Her half was efficient. Technically present but spiritually somewhere else — the kind of reciprocation that communicates obligation more than desire. I noticed. I didn't say anything. I pulled her back up to me and we shifted gears.
Several drinks into the evening she started fading. I waited until she was fully asleep and then went to the bathroom.
She had thrown up in the sink.
She'd made an attempt to clean it. I will give her that. But it was the kind of attempt that needed a follow up, and I was the one making that follow up at midnight in a San Clemente Airbnb because I was not going to get hit with a cleaning fee on top of everything else this evening had already cost me. I cleaned the sink. I showered. I went to bed.
In the morning we were both up early — she had to get to San Diego, I had to get back to LA, and San Clemente sits directly between those two places like a geographic punchline. She asked how bad it was. I told her maybe we should try again when we were less drunk. She apologized for overdoing it. I told her not to worry about it.
We hung out a few more times after that. Dinners, movies, phone calls.
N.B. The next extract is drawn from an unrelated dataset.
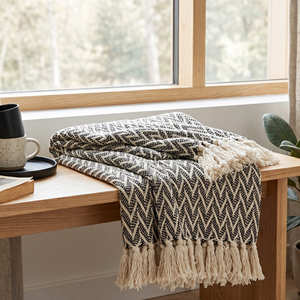 Earthy <b>Brown</b> Two Tone Zigzag Cotton <b>Blanket</b> Handmade Fringed Lounge <b>Throw</b> Rustic Home Decor Bulk Export - Product Image 6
The intimacy kept happening but the imbalance never corrected — it was always one directional and I was never the one the direction was pointing toward. I noticed that too. I kept not saying anything.
Five months in she texted me. Said I was unexpected. Said things were moving too fast.
I want to be clear about the timeline here. We saw each other maybe once or twice a month. Nobody had asked anyone to move in. Nobody had said the word relationship out loud. We were two adults who lived in different cities having dinner occasionally and she was telling me we were moving too fast.
I sat with that for a while. And then I thought about the deployment coming. I thought about the kids she wanted. I thought about the sink. I thought about the slippery couch and the canvases still in my trunk and the quiet after that two-minute kiss on the balcony when everything still felt possible.
Ariana said it best. Thank you, next.
Some people come into your life to show you exactly what you're not looking for. Lacey showed me I don't want to be someone's obligation — in any room, in any context, under any circumstances.
She still texts occasionally. I still respond. We're friendly in the way that you're friendly with someone when the ending was nobody's fault and also kind of everyone's fault.
The canvases are still in my trunk. Unopened. Waiting for someone who actually shows up for the whole evening.